**** Data provided ****

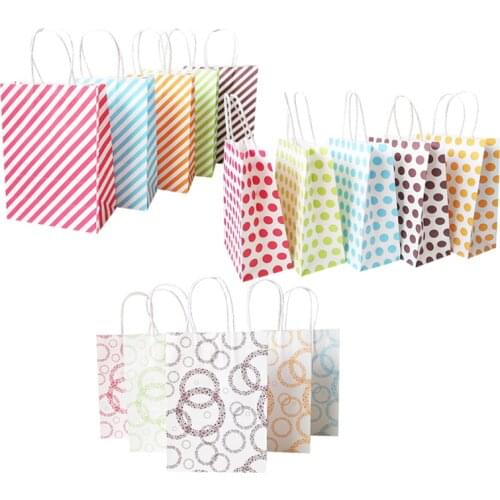 10Pcs 16x22cm Paper Bags with Handles Wedding Favors Gift for Guests Souvenirs Birthday Party Christmas Gift Bag gift box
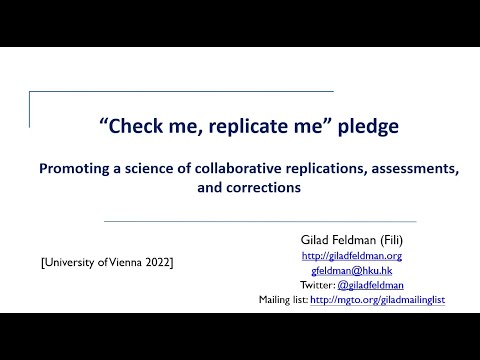 “Check me, replicate me” pledge - Promoting collaborative replications, assessments, &amp; corrections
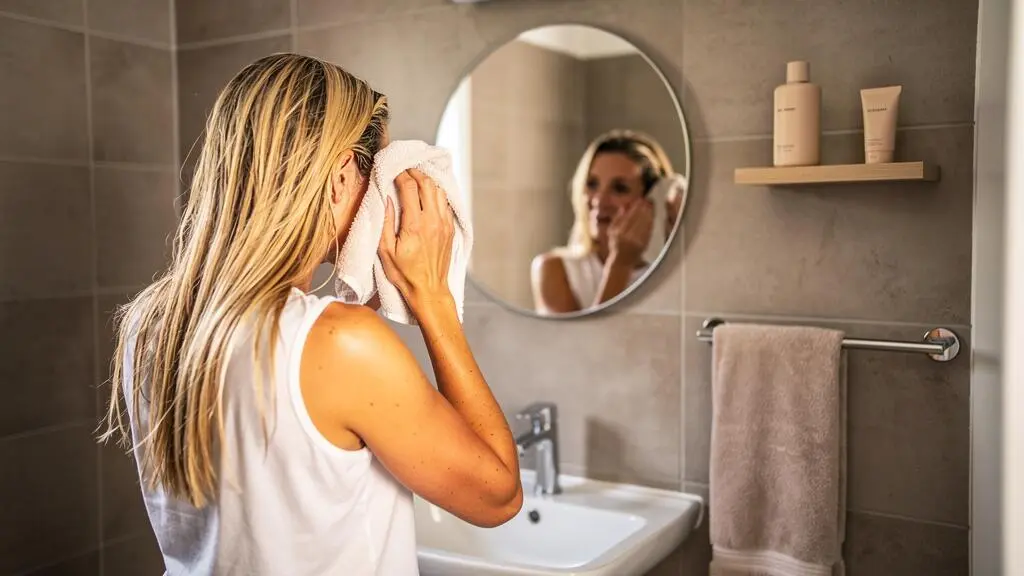 Une femme blonde essore délicatement ses cheveux humides avec une serviette en coton devant son miroir de salle de bain.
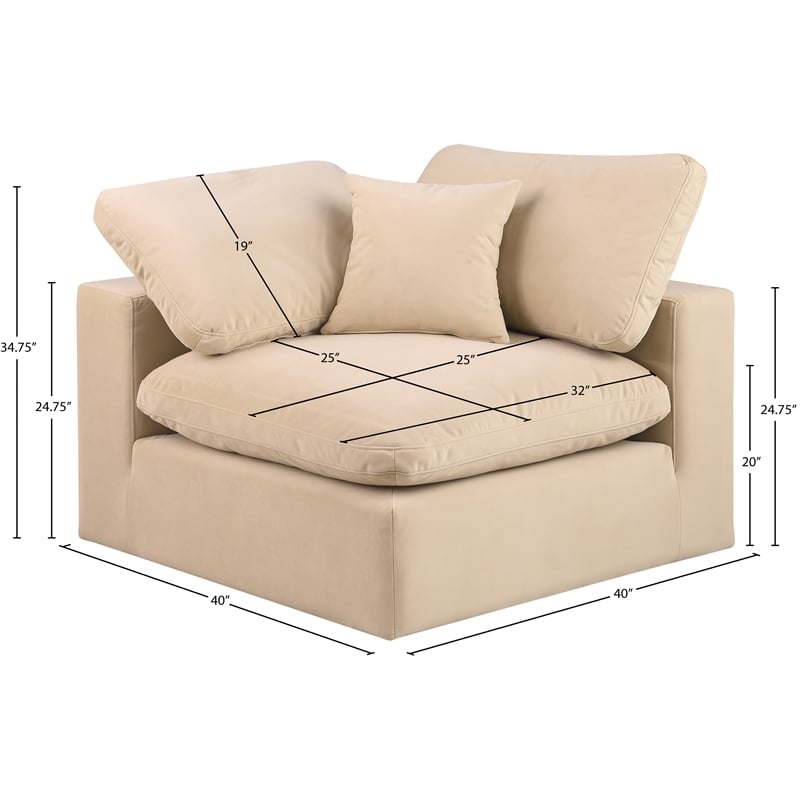 Meridian Furniture Comfy Beige Velvet Corner Chair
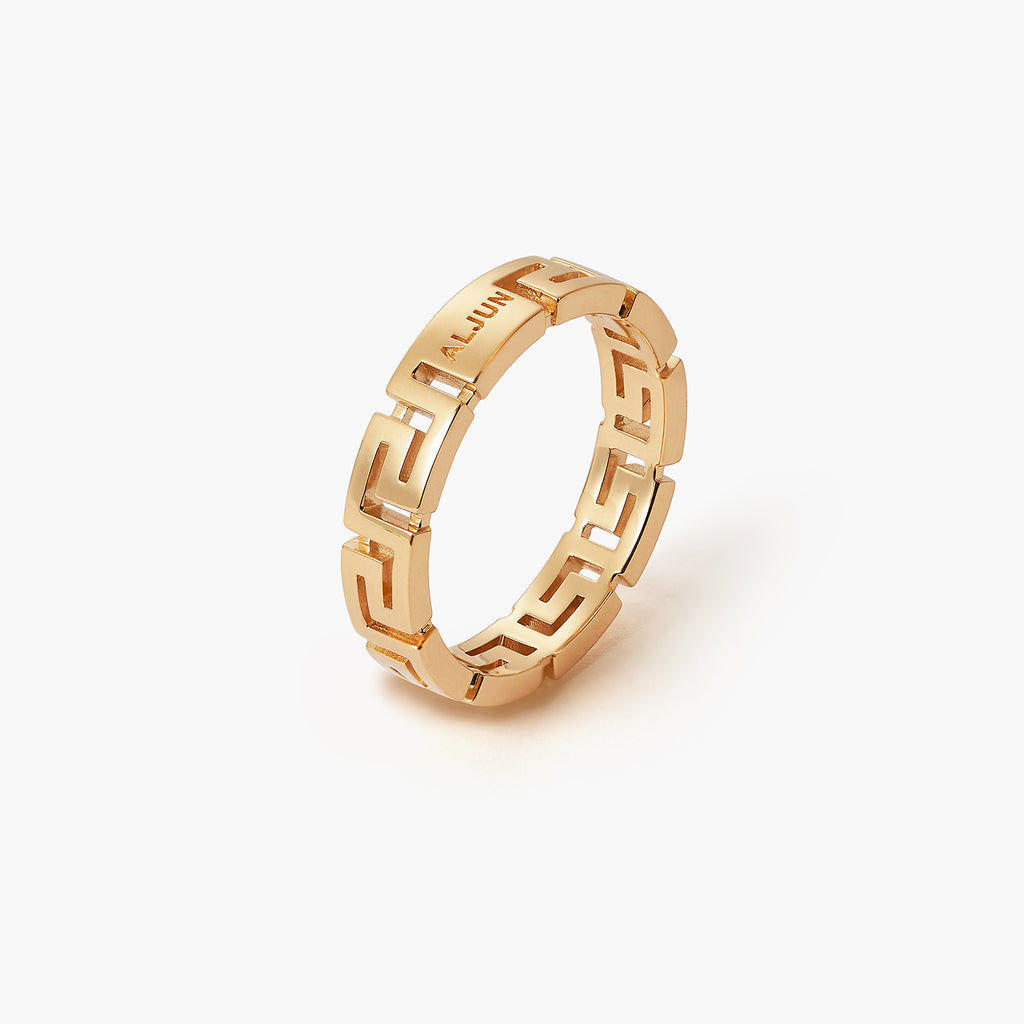 Classic Band Ring With A Greca Motif
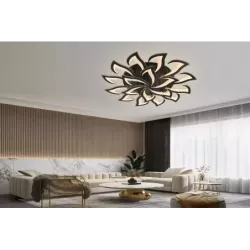 Duża Lampa Sufitowa Kwiat Lotosu do Sypialni Czarna Żyrandol LED z Pilotem - 5905965398412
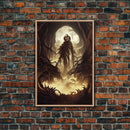 Haunted Scarecrow, Spooky Halloween Art, Framed Canvas Print, Ready To Hang Framed Wall Art, Living Room Wall Hanging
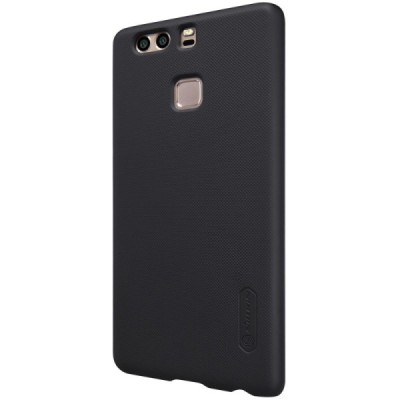 Huawei P9 Nillkin Frosted Shield juodas plastikinis dėklas / Priedai.lt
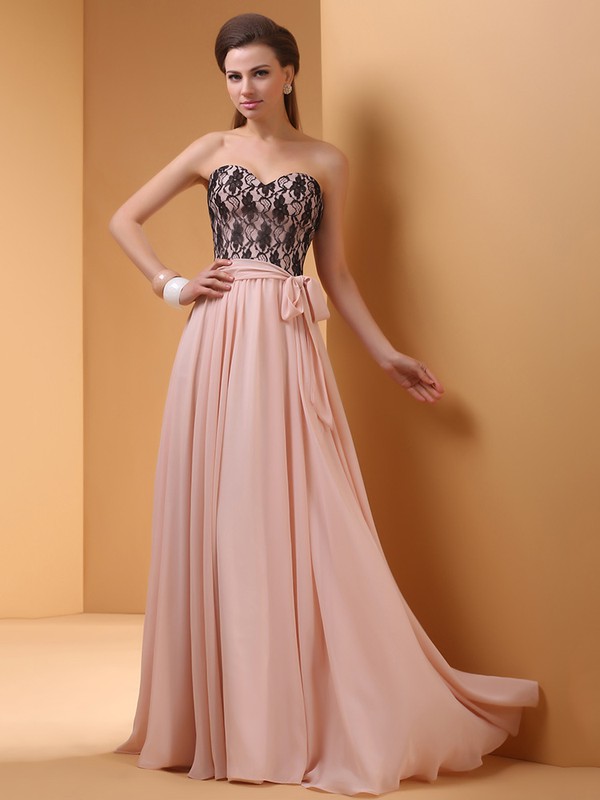 Pink Chiffon Lace with Sashes/Ribbon Floor-length For Cheap Prom Dresses #JCD02023234
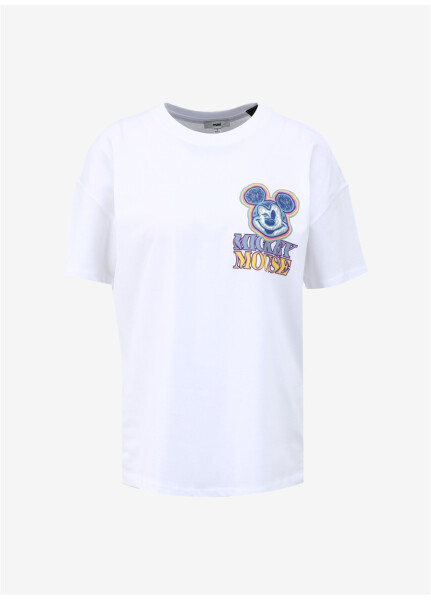 Blue Crew Neck White Women's T-Shirt M1612473-620-MICKEY MOUSE PRINTED T - 11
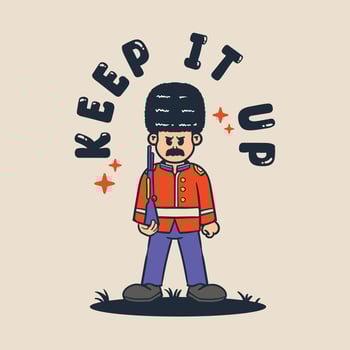 British soldier mascot cartoon vintage style illustration vector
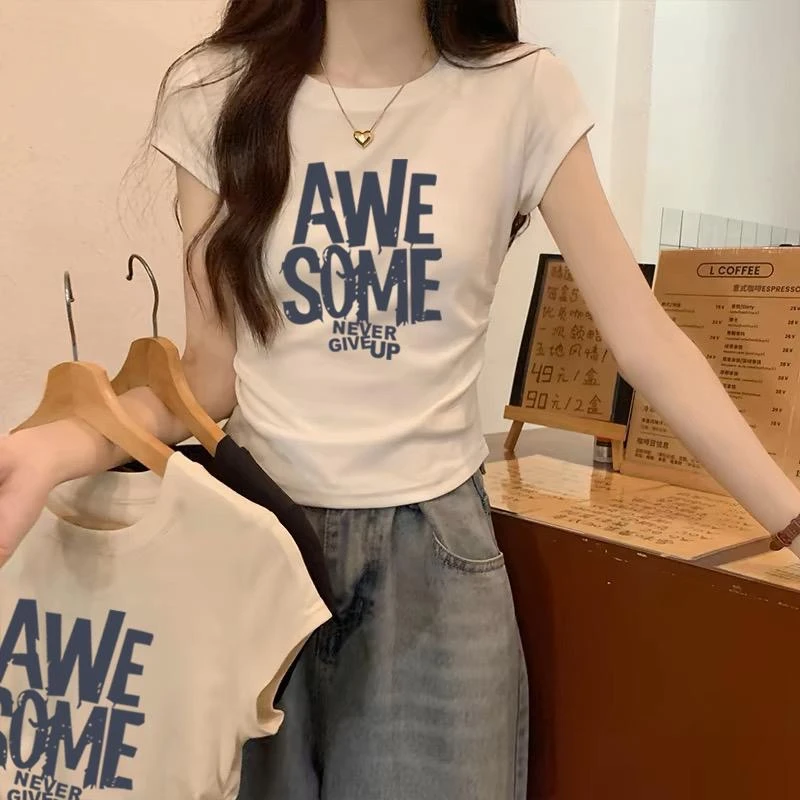 不规则褶皱圆领短袖t恤女夏季设计感修身短款小个子正肩体恤上衣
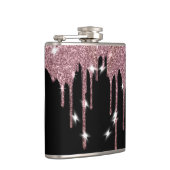 高級エレガントグリッターフェイクピンクローズドリップ フラスク (右)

****

Leaving out the pictures, print each line of the records above from the first up to and including the one that contains "assessments, &amp; corrections", exactly as written.

 10Pcs 16x22cm Paper Bags with Handles Wedding Favors Gift for Guests Souvenirs Birthday Party Christmas Gift Bag gift box
 “Check me, replicate me” pledge - Promoting collaborative replications, assessments, &amp; corrections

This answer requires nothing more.